At School: Kids will identify and correctly use nouns and verbs, recognize simple prefixes and suffixes, and identify simple multiple-meaning words.
At Home: Help your child get his own library card. Expose him to a wider variety of books and genres and try out different children’s magazines. Whether your child reads independently or with you, it’s important to ask him about what he’s read and to encourage him to retell stories. Share stories about your family and your family history or make up stories together. Play a homonym game by taking turns to think up pairs of words that sound the same but have different meanings, such as “deer” and “dear,” or ask your second grader to think up words that have multiple meanings, such as “lie” or “fair,” and talk about the differences. Continue to take turns. Your second grader will likely need some help coming up with words, so give him clues and prompts as you play.
At School: By the end of second grade, kids will be able to write a basic story with a clear beginning, middle, and end. They will also be able to edit and revise their writing to make it clearer and to correct errors in spelling, grammar, punctuation, and capitalization.
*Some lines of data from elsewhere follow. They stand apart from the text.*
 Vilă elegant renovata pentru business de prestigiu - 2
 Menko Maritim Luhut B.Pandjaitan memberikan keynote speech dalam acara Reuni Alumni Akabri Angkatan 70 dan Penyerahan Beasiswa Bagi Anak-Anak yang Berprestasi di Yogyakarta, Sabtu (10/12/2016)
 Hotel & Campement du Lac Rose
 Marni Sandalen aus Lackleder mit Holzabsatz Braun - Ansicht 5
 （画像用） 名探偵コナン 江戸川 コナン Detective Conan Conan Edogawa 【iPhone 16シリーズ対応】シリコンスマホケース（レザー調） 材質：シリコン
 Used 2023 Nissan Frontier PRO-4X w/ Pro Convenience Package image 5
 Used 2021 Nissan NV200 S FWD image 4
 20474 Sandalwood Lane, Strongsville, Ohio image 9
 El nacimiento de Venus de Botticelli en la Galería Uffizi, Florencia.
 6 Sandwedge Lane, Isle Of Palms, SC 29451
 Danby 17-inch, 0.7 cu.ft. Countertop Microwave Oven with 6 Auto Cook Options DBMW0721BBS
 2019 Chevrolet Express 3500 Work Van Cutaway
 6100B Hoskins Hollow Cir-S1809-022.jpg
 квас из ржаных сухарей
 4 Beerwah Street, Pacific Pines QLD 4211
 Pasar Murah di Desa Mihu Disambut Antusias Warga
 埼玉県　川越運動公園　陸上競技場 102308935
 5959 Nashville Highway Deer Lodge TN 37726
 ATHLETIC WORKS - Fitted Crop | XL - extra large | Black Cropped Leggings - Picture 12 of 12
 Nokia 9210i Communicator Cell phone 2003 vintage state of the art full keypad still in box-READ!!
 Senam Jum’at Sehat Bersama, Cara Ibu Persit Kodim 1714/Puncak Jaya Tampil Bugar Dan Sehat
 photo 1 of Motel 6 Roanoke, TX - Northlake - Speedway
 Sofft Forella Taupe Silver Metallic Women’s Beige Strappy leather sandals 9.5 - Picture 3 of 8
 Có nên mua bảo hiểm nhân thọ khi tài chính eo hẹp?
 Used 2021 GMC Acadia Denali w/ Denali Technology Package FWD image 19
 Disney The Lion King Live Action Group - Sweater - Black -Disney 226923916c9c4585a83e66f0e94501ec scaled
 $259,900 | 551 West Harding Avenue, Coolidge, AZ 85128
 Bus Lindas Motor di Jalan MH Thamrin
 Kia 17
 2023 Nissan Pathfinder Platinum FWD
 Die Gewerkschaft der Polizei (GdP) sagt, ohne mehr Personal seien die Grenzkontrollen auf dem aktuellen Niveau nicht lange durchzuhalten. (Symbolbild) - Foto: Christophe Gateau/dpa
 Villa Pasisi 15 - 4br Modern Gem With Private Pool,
At Home: Encourage your child to write stories that have a logical sequence, with a small problem and a resolution. Encourage her to reread her work to make it clearer. Help your child make her own book by folding pieces of paper in half and stapling them in the middle. She’ll love writing her own story and drawing pictures to illustrate it. Ask her to help write the grocery list, thank-you notes, or letters to relatives, and have her read aloud everything she’s written for homework. “If they wrote sentences at home for homework, they have to be able to read them,” Quinn says.